Closed Kefaun2601 closed 3 years ago
This is looking better @kyan2601 thanks.
Confirmed that I can run a crawl job and view the data on the Banana dashboard. Did not notice any regressions in functionality that may have arose from the implemented Solr abstractions.
Commands run (as per the repo README):
# Start in the sparkler-core directory cd sparkler-core # Run script to start docker container and forward ports to host bash ./bin/dockler.sh # Inject seed urls /data/sparkler/bin/sparkler.sh inject -id 1 -su 'http://www.bbc.com/news' # Start the crawl job /data/sparkler/bin/sparkler.sh crawl -id 1 -tn 100 -i 2
Access the Banana dashboard at http://localhost:8983/banana/ to see the data.

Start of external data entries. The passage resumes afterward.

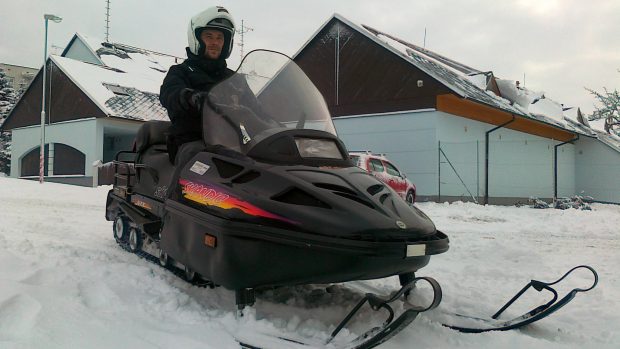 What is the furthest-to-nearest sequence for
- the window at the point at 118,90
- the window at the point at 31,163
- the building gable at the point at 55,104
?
the window at the point at 31,163 < the window at the point at 118,90 < the building gable at the point at 55,104

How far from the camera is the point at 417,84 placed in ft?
50.8

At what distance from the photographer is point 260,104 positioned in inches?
134

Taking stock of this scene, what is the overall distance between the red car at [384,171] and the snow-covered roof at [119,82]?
8.65m

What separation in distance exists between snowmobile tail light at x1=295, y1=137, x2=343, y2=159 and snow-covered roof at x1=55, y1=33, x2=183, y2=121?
15053 mm

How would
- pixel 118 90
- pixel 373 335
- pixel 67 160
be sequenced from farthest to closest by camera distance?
1. pixel 118 90
2. pixel 67 160
3. pixel 373 335

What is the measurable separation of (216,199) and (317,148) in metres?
0.74

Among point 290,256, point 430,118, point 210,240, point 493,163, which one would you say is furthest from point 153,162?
point 493,163

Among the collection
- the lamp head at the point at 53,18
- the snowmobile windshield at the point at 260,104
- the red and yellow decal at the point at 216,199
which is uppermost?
the lamp head at the point at 53,18

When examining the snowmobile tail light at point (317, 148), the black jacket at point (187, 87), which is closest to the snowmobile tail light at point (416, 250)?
the snowmobile tail light at point (317, 148)

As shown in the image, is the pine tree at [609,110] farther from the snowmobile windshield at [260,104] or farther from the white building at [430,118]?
the snowmobile windshield at [260,104]

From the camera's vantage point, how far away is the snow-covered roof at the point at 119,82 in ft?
68.2

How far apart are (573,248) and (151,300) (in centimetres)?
547

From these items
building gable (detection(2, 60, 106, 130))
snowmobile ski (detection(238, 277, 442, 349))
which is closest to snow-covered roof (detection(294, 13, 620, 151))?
building gable (detection(2, 60, 106, 130))

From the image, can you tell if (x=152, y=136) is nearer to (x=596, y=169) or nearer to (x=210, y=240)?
(x=210, y=240) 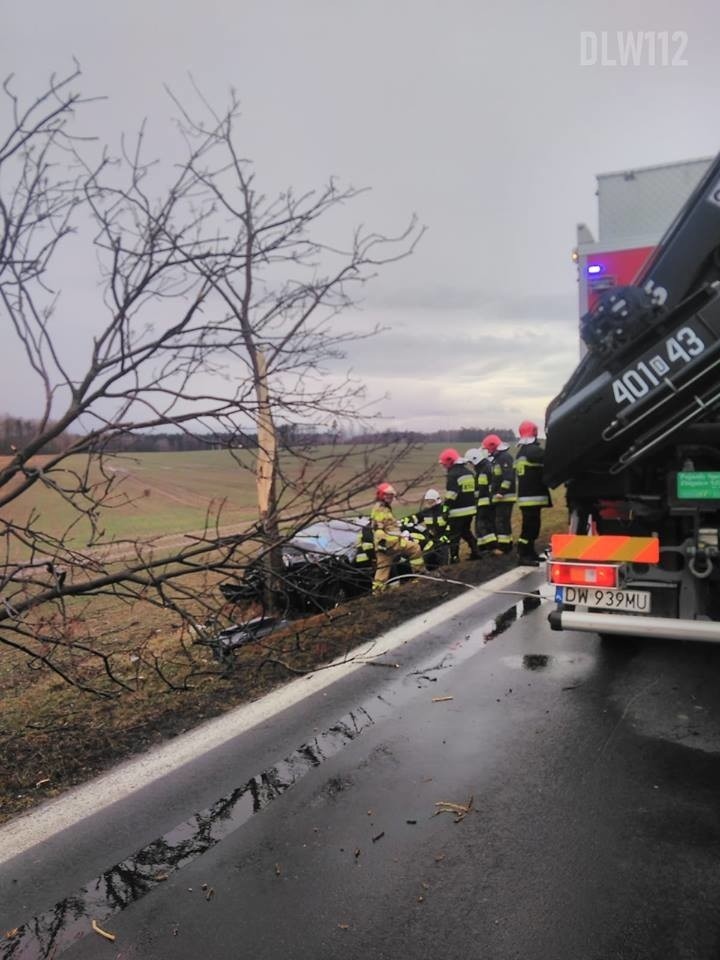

HJi @Kefaun2601 this PR and branch has a conflict which must be resolved. Once that's done, please tag me and I will test it out. Thank you
@lewismc Resolved the merge conflicts. Could you please review it? Thanks!
Added documentation for specifying the storage engine to use in the config file (sparkler-default.yaml): https://github.com/USCDataScience/sparkler/wiki/Specifying-CrawlDB-in-Config
Documentation on the StorageProxyFactory abstraction will be coming.
Added documentation for the StorageProxyFactory abstraction. Will build on this documentation as we expand the factory.
https://github.com/USCDataScience/sparkler/wiki/StorageProxyFactory-Abstraction
Also confirmed that this DOES NOT introduce a regression. Thank you @felixloesing and @kyan2601
What changes were proposed in this pull request?
Changes to sparkler-default.yaml configuration:
Added StorageProxy and StorageProxyFactory:
Is this related to an already existing issue on sparkler?
Related to #211 Related to #218
Will it close an existing issue?
Does not close an issue yet.
How was this patch tested?
This patch was tested by running "mvn clean package" within the "sparkler-core" directory. The tests currently pass, and it builds successfully.